幸せになる勇気
https://m.media-amazon.com/images/I/913abZi75gL._SL1500_.jpg https://www.amazon.co.jp/dp/B01AHLTSAY?tag=1000ch-22
褒めても叱ってもいけない思想を子供達に届けようとしたときに、機能せず実用に堪えない
アドラー心理学が要求することは、その実厳しい。世界の見方をひとつ提供しているに過ぎず、誤解されやすい
人生における最大の選択「愛」
アドラー心理学は宗教か
アドラー心理学はギリシア哲学と同一線上にある
宗教も哲学も科学も、「私達はどう生きれば良いのか」という問いから出発している点で、同一。

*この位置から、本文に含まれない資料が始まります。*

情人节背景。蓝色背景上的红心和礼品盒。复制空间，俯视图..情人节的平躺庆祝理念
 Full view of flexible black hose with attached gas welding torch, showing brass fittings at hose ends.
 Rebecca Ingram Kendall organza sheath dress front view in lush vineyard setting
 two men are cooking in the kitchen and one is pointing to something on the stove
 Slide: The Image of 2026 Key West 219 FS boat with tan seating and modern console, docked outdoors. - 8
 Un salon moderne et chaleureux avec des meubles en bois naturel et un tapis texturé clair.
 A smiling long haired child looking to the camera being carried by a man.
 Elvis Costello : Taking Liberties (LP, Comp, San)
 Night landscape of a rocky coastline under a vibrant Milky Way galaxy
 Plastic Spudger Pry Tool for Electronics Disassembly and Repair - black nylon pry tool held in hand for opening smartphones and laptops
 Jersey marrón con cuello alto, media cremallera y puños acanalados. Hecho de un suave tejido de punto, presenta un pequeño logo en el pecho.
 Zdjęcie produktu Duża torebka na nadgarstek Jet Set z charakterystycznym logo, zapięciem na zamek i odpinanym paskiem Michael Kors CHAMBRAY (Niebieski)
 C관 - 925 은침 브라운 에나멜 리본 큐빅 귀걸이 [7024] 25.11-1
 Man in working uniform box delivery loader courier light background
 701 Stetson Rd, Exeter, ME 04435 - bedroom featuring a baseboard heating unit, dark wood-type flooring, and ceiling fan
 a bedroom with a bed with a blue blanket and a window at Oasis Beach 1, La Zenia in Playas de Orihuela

科学は客観的な事実認定、哲学や宗教は「真」「善」「美」を取り扱い、宗教は「物語」で世界を説明する。宗教は歩みを止めること、哲学は歩み続けること
教育の目標は「自立」である
課題の分離を教育で考えると、子どもが勉強することは子どもの課題であり、親に承認されるためではなく自分自身の課題。それであれば教育そのものが子どもへの介入ではないか?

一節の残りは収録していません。